Menurut Dirgo, pasokan gas melalui pipa ini lebih efektif ketimbang menggunakan fasilitas terapung (FSRU). Ini karena dengan menggunakan FSRU, perlu biaya regasifikasi sehingga akan membenani biaya gas ke konsumen akhir.
Akan tetapi, Dirgo tidak bisa memastikan harga gas bisa murah ke konsumen dengan gebrakan pembangunan gas dari timur ke barat itu. Sebab harga akan tergantung dari lokasi sumber gas dan lokasi sumber pembeli. "Soal murah itu relatif," kata dia.

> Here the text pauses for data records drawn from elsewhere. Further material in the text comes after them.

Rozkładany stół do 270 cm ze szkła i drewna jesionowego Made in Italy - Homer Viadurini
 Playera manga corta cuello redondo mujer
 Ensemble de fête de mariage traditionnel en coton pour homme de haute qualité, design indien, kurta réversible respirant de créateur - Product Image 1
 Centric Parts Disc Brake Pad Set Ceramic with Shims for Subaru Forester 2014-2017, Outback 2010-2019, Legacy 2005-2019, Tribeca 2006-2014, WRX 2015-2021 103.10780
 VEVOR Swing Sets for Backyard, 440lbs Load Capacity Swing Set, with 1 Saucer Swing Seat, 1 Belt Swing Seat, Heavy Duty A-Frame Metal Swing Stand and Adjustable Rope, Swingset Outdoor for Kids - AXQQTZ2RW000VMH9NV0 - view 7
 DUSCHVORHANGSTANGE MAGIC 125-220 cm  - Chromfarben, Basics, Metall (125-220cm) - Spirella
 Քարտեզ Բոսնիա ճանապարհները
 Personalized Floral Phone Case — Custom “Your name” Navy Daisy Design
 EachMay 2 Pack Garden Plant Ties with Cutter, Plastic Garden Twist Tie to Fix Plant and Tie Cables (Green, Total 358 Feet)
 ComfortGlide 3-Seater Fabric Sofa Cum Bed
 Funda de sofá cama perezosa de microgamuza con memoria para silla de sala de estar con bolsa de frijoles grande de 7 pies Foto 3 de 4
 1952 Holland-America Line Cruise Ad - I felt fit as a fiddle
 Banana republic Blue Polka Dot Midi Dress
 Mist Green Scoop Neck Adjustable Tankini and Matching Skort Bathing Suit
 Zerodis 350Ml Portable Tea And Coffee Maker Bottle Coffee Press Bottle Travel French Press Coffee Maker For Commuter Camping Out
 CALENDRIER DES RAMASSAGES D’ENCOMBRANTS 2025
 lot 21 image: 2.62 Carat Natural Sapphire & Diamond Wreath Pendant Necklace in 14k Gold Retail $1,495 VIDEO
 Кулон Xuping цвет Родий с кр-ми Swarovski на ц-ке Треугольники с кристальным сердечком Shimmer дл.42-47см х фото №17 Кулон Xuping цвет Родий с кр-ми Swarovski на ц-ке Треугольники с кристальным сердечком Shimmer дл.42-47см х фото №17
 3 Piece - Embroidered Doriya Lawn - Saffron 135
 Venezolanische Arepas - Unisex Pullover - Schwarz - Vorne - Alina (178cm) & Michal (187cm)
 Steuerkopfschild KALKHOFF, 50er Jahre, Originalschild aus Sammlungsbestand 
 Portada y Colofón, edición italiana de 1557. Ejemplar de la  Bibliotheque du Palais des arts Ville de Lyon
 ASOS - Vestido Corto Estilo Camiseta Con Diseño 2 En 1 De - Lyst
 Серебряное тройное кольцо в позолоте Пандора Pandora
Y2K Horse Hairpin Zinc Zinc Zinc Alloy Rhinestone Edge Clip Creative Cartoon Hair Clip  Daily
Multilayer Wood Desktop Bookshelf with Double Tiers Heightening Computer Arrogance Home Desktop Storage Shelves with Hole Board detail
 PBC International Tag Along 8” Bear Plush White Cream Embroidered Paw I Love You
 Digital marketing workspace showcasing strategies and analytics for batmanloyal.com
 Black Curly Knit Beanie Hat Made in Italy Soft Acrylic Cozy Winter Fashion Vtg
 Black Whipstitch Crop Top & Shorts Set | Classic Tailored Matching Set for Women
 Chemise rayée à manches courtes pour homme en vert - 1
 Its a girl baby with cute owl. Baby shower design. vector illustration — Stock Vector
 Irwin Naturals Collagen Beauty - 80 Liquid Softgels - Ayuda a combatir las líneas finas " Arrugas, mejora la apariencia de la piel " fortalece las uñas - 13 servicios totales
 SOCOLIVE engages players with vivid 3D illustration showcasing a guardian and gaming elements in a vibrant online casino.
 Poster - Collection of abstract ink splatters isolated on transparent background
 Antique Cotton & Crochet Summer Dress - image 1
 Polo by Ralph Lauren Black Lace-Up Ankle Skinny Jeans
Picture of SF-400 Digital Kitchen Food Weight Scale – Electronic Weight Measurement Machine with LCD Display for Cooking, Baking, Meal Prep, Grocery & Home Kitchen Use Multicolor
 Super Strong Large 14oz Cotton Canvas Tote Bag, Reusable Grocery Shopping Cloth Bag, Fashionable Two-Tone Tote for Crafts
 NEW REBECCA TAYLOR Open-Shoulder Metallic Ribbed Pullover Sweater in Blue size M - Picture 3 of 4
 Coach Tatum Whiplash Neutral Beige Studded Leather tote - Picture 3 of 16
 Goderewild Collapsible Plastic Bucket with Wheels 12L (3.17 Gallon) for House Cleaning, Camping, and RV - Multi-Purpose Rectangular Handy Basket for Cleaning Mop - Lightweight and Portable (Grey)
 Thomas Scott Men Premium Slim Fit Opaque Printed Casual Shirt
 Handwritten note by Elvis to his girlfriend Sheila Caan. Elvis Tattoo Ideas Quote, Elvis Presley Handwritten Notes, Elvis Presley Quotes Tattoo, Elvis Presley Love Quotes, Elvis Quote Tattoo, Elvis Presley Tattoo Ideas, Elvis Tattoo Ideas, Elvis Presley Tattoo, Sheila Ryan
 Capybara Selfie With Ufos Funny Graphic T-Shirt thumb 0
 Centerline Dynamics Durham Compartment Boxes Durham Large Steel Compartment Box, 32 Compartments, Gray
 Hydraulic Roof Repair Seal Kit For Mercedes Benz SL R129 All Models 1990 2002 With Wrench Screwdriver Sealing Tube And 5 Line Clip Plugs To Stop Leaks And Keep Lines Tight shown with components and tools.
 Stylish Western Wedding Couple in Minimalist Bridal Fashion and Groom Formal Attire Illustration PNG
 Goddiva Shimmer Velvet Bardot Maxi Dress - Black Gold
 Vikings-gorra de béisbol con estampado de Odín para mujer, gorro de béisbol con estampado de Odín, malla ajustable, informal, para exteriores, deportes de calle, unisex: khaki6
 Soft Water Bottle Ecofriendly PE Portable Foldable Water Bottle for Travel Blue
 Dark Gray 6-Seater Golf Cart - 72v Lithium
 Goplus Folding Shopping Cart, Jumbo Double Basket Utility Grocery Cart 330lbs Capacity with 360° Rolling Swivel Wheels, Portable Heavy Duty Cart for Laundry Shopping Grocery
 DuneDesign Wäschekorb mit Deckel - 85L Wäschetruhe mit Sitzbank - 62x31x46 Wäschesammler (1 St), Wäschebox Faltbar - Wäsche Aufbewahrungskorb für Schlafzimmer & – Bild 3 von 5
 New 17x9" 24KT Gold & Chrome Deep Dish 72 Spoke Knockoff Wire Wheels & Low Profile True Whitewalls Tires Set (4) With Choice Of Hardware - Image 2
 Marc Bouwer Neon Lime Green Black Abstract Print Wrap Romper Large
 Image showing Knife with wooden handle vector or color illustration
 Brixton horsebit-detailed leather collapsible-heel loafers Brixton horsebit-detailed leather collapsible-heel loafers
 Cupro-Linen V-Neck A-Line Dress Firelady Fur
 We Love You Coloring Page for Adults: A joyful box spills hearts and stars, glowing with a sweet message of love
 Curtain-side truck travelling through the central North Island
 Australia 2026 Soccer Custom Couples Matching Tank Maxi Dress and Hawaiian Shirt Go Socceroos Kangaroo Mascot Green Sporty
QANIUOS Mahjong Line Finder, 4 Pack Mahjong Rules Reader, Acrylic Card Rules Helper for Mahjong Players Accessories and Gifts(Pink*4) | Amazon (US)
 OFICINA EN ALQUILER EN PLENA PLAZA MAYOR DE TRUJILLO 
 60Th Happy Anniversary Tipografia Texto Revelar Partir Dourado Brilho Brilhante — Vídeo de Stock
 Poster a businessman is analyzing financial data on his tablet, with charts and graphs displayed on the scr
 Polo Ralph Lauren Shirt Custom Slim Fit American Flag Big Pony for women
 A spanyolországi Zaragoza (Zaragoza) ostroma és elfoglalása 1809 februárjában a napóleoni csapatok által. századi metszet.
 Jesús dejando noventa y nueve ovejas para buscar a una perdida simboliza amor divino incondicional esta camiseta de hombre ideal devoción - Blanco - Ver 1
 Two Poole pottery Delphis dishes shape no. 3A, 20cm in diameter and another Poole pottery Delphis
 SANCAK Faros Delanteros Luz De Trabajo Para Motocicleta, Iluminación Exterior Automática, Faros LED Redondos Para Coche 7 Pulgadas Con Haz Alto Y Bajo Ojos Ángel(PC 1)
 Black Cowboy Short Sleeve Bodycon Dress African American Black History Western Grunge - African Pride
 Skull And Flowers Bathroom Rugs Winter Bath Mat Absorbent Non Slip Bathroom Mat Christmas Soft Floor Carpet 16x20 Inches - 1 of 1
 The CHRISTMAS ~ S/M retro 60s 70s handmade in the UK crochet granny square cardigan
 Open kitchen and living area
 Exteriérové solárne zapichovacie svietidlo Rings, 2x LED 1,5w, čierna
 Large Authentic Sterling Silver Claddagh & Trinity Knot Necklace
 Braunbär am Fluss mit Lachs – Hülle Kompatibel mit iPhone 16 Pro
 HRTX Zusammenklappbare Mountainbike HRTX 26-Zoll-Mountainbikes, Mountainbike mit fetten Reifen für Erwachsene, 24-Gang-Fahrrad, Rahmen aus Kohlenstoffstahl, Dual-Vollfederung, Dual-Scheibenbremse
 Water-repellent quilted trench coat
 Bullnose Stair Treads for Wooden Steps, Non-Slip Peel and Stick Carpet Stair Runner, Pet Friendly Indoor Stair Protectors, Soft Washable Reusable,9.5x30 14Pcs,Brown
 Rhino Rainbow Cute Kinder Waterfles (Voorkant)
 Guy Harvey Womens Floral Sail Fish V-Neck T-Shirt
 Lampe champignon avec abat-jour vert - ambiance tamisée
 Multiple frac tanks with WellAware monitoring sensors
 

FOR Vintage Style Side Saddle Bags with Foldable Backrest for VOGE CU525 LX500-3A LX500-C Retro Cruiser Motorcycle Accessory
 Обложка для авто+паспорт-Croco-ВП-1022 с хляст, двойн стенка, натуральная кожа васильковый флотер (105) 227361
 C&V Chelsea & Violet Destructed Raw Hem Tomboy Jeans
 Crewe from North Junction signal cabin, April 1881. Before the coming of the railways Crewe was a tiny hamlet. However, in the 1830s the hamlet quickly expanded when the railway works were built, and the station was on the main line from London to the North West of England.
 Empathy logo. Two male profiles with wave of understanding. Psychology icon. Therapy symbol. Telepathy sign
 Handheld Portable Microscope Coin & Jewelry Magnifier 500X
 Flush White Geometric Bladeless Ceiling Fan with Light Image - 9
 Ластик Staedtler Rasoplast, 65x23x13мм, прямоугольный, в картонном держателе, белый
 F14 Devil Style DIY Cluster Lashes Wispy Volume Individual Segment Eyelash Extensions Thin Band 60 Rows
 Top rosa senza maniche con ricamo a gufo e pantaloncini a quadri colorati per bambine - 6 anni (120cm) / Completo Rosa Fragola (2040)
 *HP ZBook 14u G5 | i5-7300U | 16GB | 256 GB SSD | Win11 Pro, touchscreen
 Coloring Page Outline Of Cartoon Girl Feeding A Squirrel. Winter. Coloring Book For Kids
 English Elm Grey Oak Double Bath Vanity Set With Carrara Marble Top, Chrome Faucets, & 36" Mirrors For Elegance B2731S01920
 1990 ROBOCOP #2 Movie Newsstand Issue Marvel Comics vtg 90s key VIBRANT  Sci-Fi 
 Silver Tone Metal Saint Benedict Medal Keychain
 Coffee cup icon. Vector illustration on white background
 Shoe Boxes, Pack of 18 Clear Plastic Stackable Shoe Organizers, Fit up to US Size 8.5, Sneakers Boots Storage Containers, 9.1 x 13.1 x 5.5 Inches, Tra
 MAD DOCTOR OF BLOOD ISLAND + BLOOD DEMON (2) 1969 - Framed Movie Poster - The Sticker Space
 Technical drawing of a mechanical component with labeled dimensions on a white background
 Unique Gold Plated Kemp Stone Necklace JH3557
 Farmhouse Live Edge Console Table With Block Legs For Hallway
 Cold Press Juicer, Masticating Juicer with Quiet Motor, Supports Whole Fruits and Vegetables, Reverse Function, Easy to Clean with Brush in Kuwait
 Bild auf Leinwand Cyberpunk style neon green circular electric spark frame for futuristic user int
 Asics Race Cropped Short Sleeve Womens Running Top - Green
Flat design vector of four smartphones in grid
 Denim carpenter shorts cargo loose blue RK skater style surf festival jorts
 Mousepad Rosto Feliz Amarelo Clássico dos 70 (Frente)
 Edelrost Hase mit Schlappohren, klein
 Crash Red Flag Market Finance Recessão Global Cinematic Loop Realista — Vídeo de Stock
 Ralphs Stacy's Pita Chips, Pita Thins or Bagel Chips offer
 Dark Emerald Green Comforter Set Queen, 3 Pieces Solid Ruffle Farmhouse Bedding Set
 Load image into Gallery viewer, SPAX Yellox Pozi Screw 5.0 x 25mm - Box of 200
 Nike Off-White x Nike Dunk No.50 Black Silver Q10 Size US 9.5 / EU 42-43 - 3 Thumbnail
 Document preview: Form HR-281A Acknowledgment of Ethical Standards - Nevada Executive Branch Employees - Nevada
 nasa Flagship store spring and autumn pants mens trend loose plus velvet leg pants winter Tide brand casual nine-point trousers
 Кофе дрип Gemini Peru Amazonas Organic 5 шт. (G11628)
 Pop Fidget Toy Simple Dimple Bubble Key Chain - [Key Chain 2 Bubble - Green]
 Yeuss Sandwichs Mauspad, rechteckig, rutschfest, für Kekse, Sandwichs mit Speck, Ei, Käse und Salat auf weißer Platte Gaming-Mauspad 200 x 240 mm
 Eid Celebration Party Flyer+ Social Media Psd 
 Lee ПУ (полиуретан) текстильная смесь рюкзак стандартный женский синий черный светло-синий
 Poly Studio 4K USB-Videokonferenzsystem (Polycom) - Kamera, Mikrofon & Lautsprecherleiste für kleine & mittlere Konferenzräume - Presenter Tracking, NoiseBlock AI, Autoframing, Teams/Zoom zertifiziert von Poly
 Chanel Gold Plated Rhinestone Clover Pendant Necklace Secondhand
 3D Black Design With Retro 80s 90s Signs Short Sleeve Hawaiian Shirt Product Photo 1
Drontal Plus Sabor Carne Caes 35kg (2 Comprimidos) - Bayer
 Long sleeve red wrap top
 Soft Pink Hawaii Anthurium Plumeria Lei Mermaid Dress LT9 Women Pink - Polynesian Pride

Pasokan gas ini nantinya bisa berasal dari Blok Masela dan Proyek Tangguh. Selain itu, bisa dari proyek baru. Pipa ini akan bersifat terbuka alias open access, sehingga akan membuat konsumen gas mudah dalam mendapatkan akses gas dari pipa yang sudah ada atau pipa yang akan dibangun.
Dari catatan PWYP, Indonesia setidaknya membutuhkan dana investasi US$ 24,3 miliar untuk membangun infrastruktur gas. Namun, ada tantangan juga seperti tidak ada insentif bagi badan usaha dan ketidak pastian aturan.
PWYP juga menilai investor yang akan membangun infrastruktur juga memiliki rasa takut jika setelah membangun infrastruktur ternyata menghadapi kesulitan dalam mendapatkan alokasi gas (pasokan) yang notabene akan mengganggu profitabiliti dari investasi. Apalagi jika cadangan gas Indonesia yang diperkirakan akan habis dalam 43 tahun ke depan atau 2061, jika tidak ada penemuan baru.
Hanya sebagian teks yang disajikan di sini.